То же самое и с дедом моим. Да, я был мальчишкой, подростком, да, дураком, но почему я не выяснил у деда хотя бы, как и чему его учили в Высшем художественном училище (теперь институт имени Репина)? Кто были его друзья? А девушки какими были? А как деда за ними ухаживал? А как встретил бабушку и когда они поцеловались? Что он ел и пил, где брал деньги, где жил, чем увлекался… А зачем и с кем они шли в одной из процессий 9 января 1905 года (Кровавое воскресенье)? Позже я понял, что надо выяснить все это и многое другое… Но дедушки уже не было.

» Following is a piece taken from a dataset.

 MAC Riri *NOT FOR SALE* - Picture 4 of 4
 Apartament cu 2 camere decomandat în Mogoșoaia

Так же и с отцом. А к нему вопросов еще больше — и про детство, про юность, про войну, про любовь с мамой… Вот, наверняка же первые армейские сапоги, выданные семнадцатилетнему мальчишке, чтобы в них воевать, натирали ноги, и как он справлялся с этим? Ведь и пожаловаться было некому. Чем и как часто их кормили? О чем он мечтал тогда?..
Без кокетства: почему я такой болван?
Вот перед глазами: отец сидит вечером в кресле, взгляд в одну точку, телевизор даже не включен. Сидит долго и тихо (почти год болеет, тяжело и беспросветно).
— Па, ты о чем задумался?
— Да так… Вспоминаю…
Но почему я не спросил, о чем он вспоминал?! И стыдно, и горько.

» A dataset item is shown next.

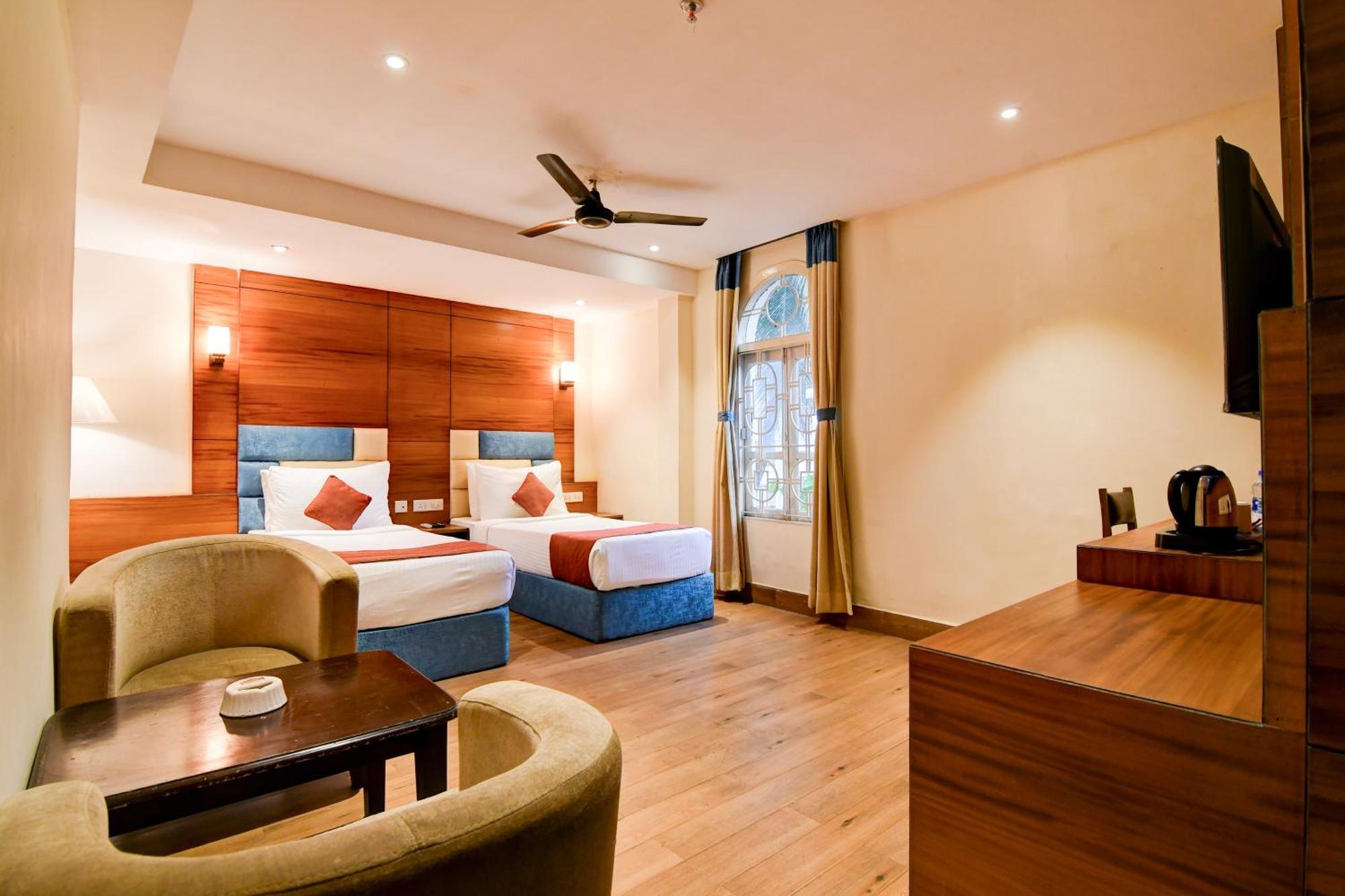 Hotel King'S Crown Calcutta Eksteriør billede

Мне всегда казалось, что мы не были близки с отцом. Он всегда на работе, с раннего утра до позднего вечера, часто и в выходные. Редкие часы удавалось проводить вместе. Но теперь я знаю: мы были близки — без слов, ощущением своего человека. Особенно сблизились, когда я вернулся со службы. Отец все больше прислушивался ко мне. А позже я почувствовал, что он уступает мне старшинство. Сперва в моей жизни, а потом и в своей. И это было печально.
И все же столько недоговоренного. Столько не спрошенного и не вызнанного. Потому, когда герой Камиллери в кино узнал про отца и застыл, и задвигал желваками, я его прекрасно понял, даже в носу защипало…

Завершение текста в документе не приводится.